Boris m Bulgarian, Russian, Slovene, Croatian, Serbian, Macedonian, Czech, Slovak, Georgian, German, French
From a Bulgar Turkic name, also recorded as Bogoris, perhaps meaning "short" or "wolf" or "snow leopard". It was borne by the 9th-century Boris I of Bulgaria who converted his realm to Christianity and is thus regarded as a saint in the Orthodox Church. To the north in Kievan Rus it was the name of another saint, a son of Vladimir the Great who was murdered with his brother Gleb in the 11th century. His mother may have been Bulgarian.... [more]
Cato 1 m Ancient Roman
Roman cognomen meaning "wise" in Latin. This name was bestowed upon Cato the Elder (Marcus Porcius Cato), a 2nd-century BC Roman statesman, author and censor, and was subsequently inherited by his descendants, including his great-grandson Cato the Younger (Marcus Porcius Cato Uticencis), a politician and philosopher who opposed Julius Caesar.
Catriona f Irish, Scottish
Anglicized form of Caitríona (Irish) or Caitrìona (Scottish Gaelic).
Cleisthenes m Ancient Greek (Latinized)
Latinized form of the Greek name Κλεισθένης (Kleisthenes), derived from κλέος (kleos) meaning "glory" and σθένος (sthenos) meaning "strength". This was the name of a 5th-century BC Athenian statesman and reformer. He helped establish democracy in Athens.
Condoleezza f Various
In the case of the former American Secretary of State Condoleezza Rice (1954-), it is derived from the Italian musical term con dolcezza meaning "with sweetness".
Dae-Jung m Korean
From Sino-Korean (dae) meaning "big, great, vast, large, high" combined with (jung) meaning "middle". Other combinations of hanja characters can form this name as well.

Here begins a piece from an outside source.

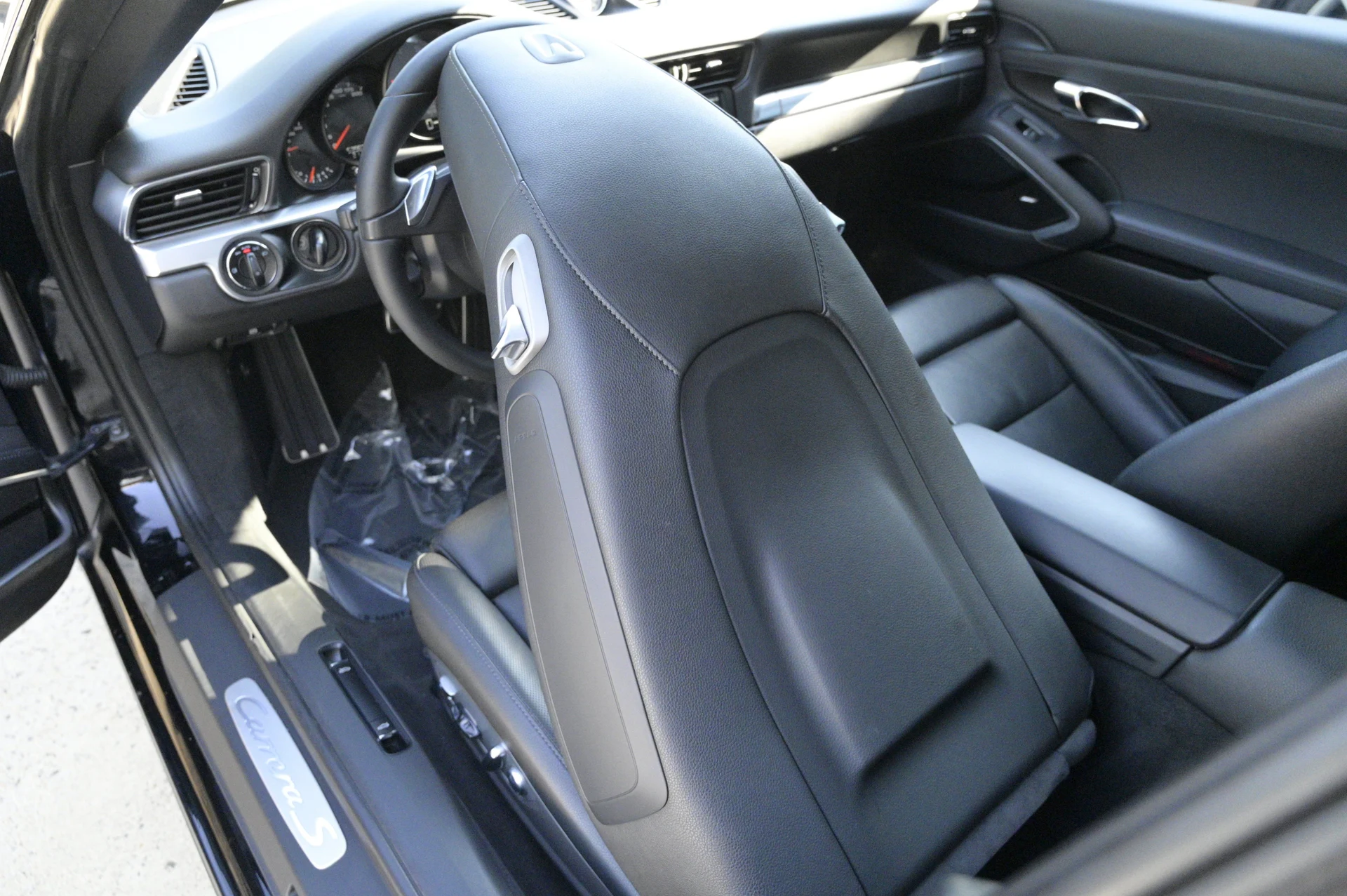 mph022_1672796474_711dda72d58d452fa953b1e5c187659c_38ff9fc370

A notable bearer was South Korean president Kim Dae-jung (1924-2009).
Dakila m Filipino, Tagalog
Means "great" in Tagalog.
Delano m English
From a surname, recorded as de la Noye in French, indicating that the bearer was from a place called La Noue (ultimately Gaulish meaning "wetland, swamp"). It has been used in honour of American president Franklin Delano Roosevelt (1882-1945), whose middle name came from his mother's maiden name.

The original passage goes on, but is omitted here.